Un blocage par la force publique n’est pas un échec populaire. C’est un empêchement. La nuance est capitale, mais elle semble échapper à une partie de la presse togolaise. Comment un journaliste, censé informer l’opinion, peut-il confondre un mouvement interdit par la répression avec un mouvement qui aurait échoué faute de participants ? Faut-il rappeler que l’information, dans son essence, consiste à décrire fidèlement les faits, et non à travestir la réalité pour coller à une ligne imposée ?

Certes, chaque média a sa ligne éditoriale. Mais cette ligne n’autorise jamais le déni de réalité. La vérité journalistique n’est pas optionnelle, elle est un devoir, un engagement éthique. Dire qu’il y a « échec » alors qu’il y a verrouillage n’est pas une analyse ; c’est une faute professionnelle lourde. Et quand le journaliste commet sciemment une telle faute, mérite-t-il encore ce titre ?

Le plus troublant est que l’armée, en bloquant les leaders, a montré qu’elle avait parfaitement compris le rôle central de ces figures dans la mobilisation. Les militaires ont saisi la réalité : sans leaders, il n’y a pas de foule. Mais le journaliste, lui, feint de ne pas le savoir. Serait-il donc moins lucide que le soldat ?

Cette confusion interroge. Elle révèle une crise profonde dans la profession, celle de la formation et de la vocation. Le code de la presse exige un niveau universitaire en journalisme pour exercer. Ce niveau devrait à tout le moins prémunir contre des analyses aussi bancales. Mais on assiste aujourd’hui à un journalisme qui se contente de sensations, qui s’aligne sur la communication officielle, et qui oublie sa mission première, celle de rapporter ce qui est.

Et que dire de ces pratiques qui consistent à montrer des images d’un quartier tranquille pour prouver que « rien ne s’est passé », alors que le quartier du journaliste lui-même était sous blocus et bien quadrillé par des hommes armés ? C’est oublier le b-a-ba du métier : l’équilibre et la véracité de l’information.

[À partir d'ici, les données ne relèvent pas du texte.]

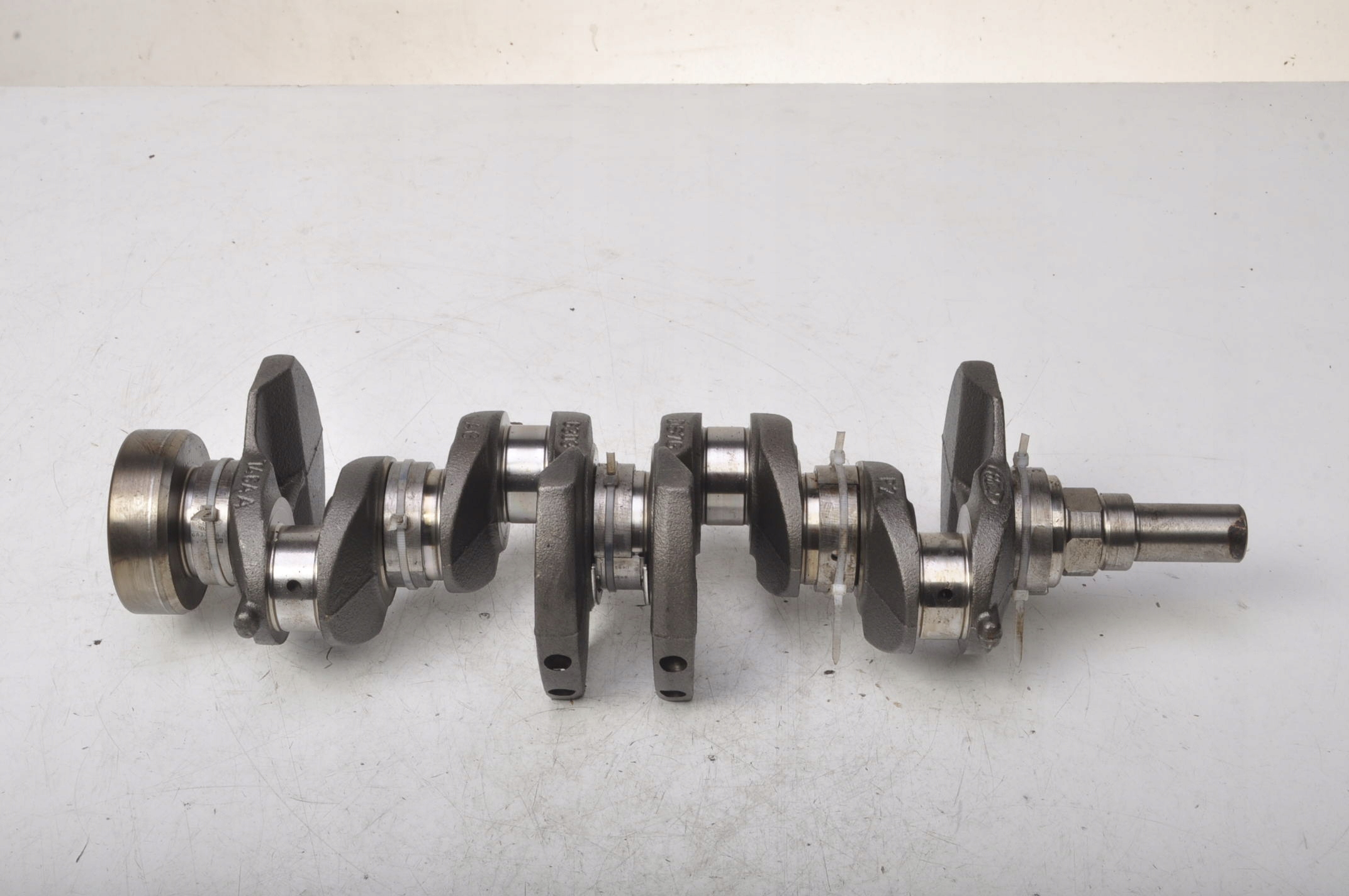 FORD KUGA MK2 1.5 ECO WAŁ KORBOWY DS7G-6303-AC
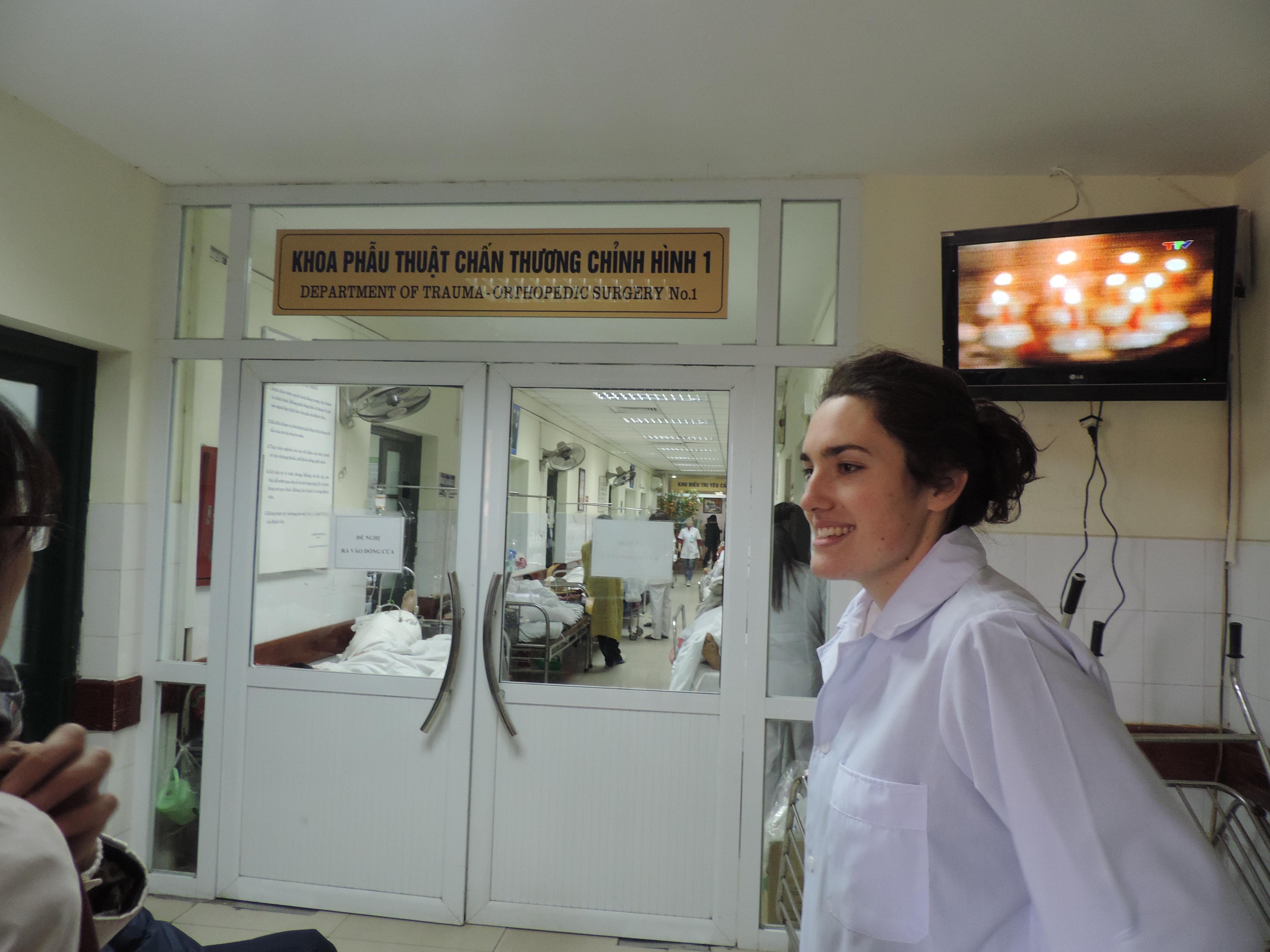 Interna de enfermería en Vietnam posando durante sus prácticas. Durante sus prácticas de enfermería en hospitales de Vietnam, una interna posa para una foto.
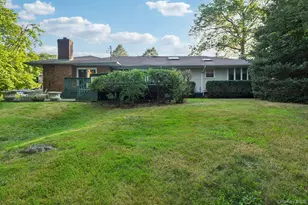 22 Reynolds Rd, Glen Cove, NY 11542 - Photo 3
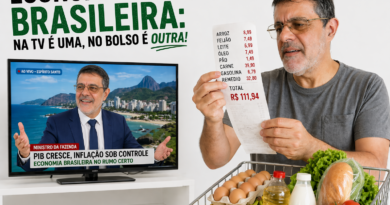 Homem observa um telejornal onde o ministro da Fazenda aparece dentro da televisão anunciando crescimento da economia, enquanto o mesmo homem, do outro lado, encara preocupado uma nota de supermercado com preços elevados, ao lado de um carrinho cheio de itens básicos.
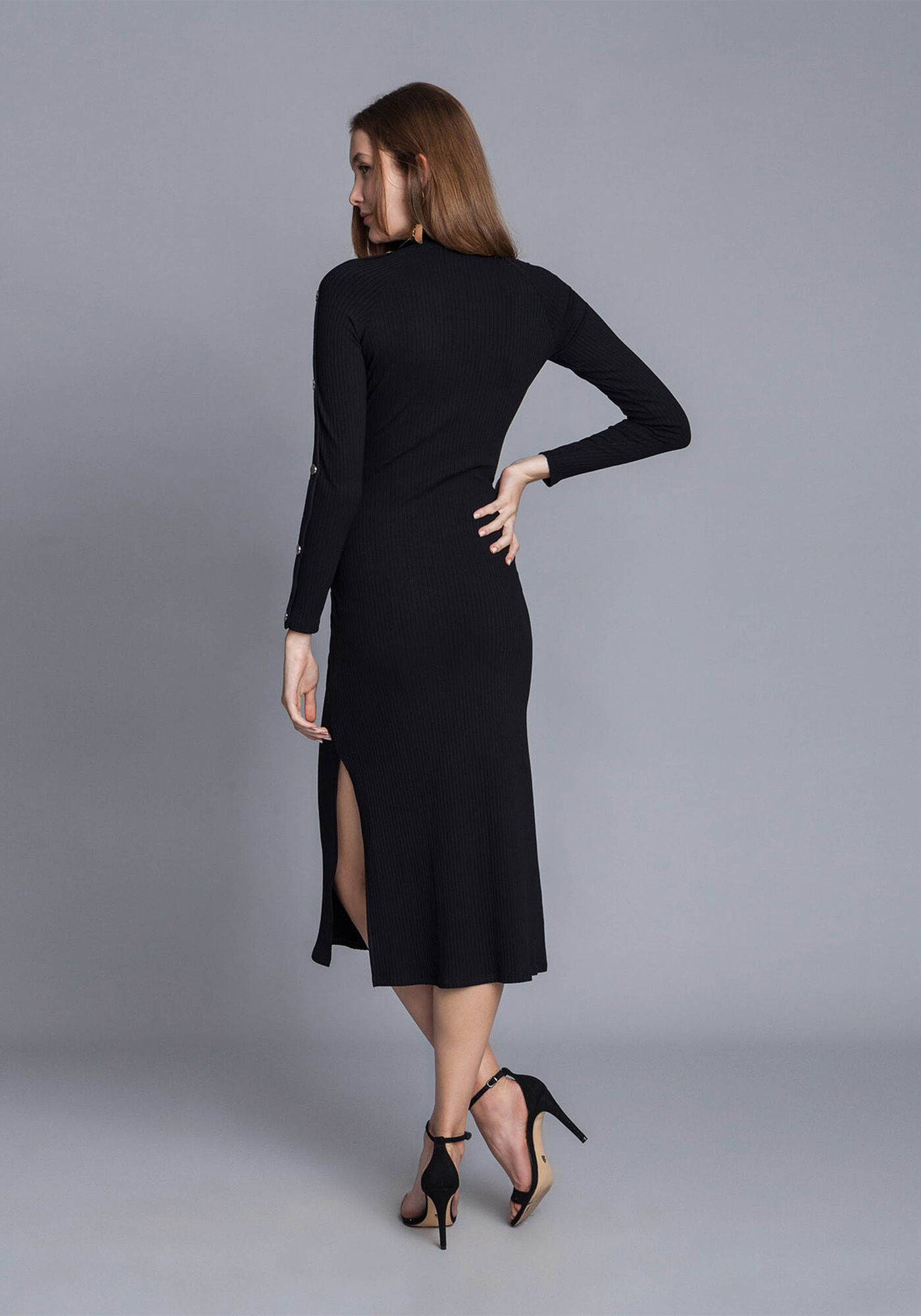 Vestido Manga Longa M&iacute;di Rebites Vermelho Bulgaria, , large.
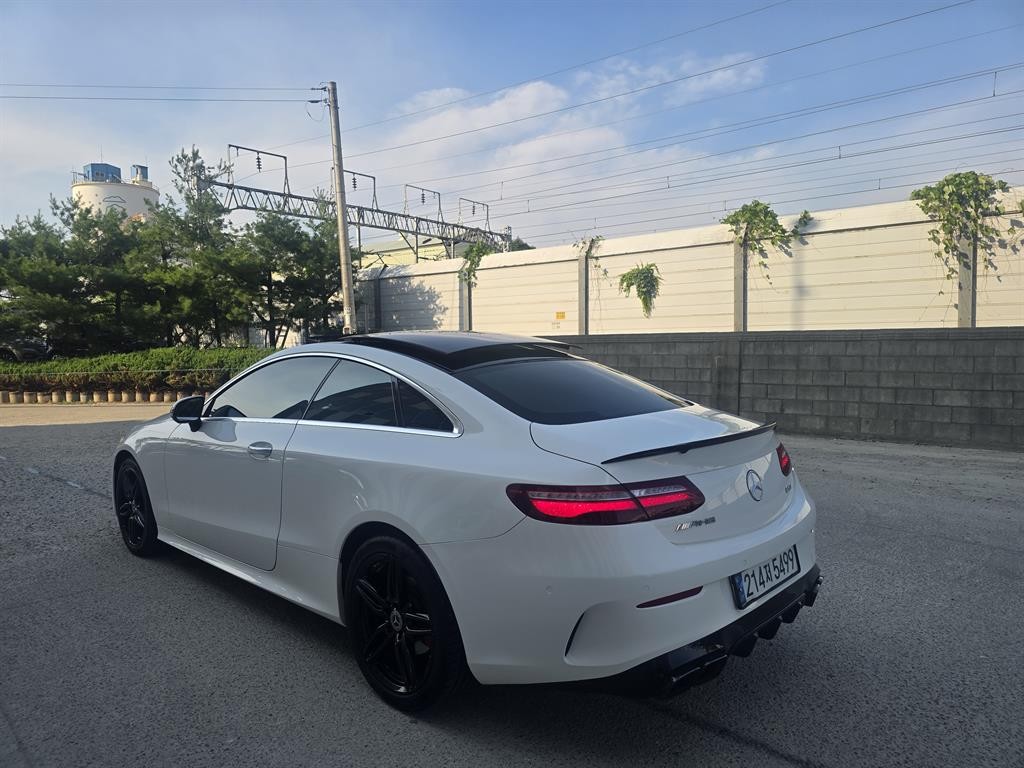 벤츠 E 클래스 E-클래스 W213 E220d 쿠페 이미지 4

Si ma grand-mère, depuis son village à plus de 500 kilomètres de Lomé, a pu voir à travers des vidéos claires que la maison de l’artiste Amron était bouclée même si lui-même a tenté de marcher aux côtés de sa mère, que l’ancienne ministre des Armées du Togo, Madame Gnakadé, malgré la présence des militaires, a pu sortir avant d’être reconduite de force à son domicile, que Madame Adjamagbo et les responsables de la société civile de Togo Debout ont été étouffés, bloqués et placés en état de siège, alors comment expliquer que le journaliste vivant à Lomé prétende n’avoir rien vu ? Et s’il a osé dire le contraire, ce n’est pas seulement une faute professionnelle, c’est un danger pour la presse et, plus encore, pour la société elle-même.

Pendant ce temps, des journaux étrangers décrivent avec plus de justesse ce qui s’est déroulé sur notre sol que nos propres médias. Quelle ironie ! Quand le regard extérieur raconte mieux la réalité que ceux qui la vivent, n’est-ce pas le signe d’un journalisme à bout de souffle ?

Traditionnellement, le journaliste parle de tout sauf de lui-même ; il observe, rapporte, questionne. Mais lorsque la profession s’enfonce dans une telle décadence, il devient nécessaire de l’interroger à son tour. Car une presse, qu’on le veuille ou non, reflète le niveau de conscience d’un peuple et la qualité de sa gouvernance. La faiblesse du journalisme n’est donc jamais seulement celle des journalistes ; elle reflète la société qu’ils informent ou qu’ils désinforment.

Les jeunes qui rêvent de devenir journalistes regardent ce spectacle avec désarroi. Certains en viennent à regretter leur choix, voyant une profession noble diluée par des esprits faibles. Car un journaliste qui travestit l’information ne fait pas du journalisme, mais de la communication. Encore faut-il qu’il soit formé. Et le mélange des deux tue la fonction.

Au fond, le choix est simple. Soit le journaliste togolais retrouve le courage d’informer honnêtement, soit il change de métier. Mais qu’il cesse de brouiller les frontières, car à ce jeu, c’est toute une profession qui meurt et avec elle, la crédibilité de notre démocratie.
Heureusement que certains journalistes continuent de témoigner fidèlement des faits, rappelant que la profession peut encore se relever.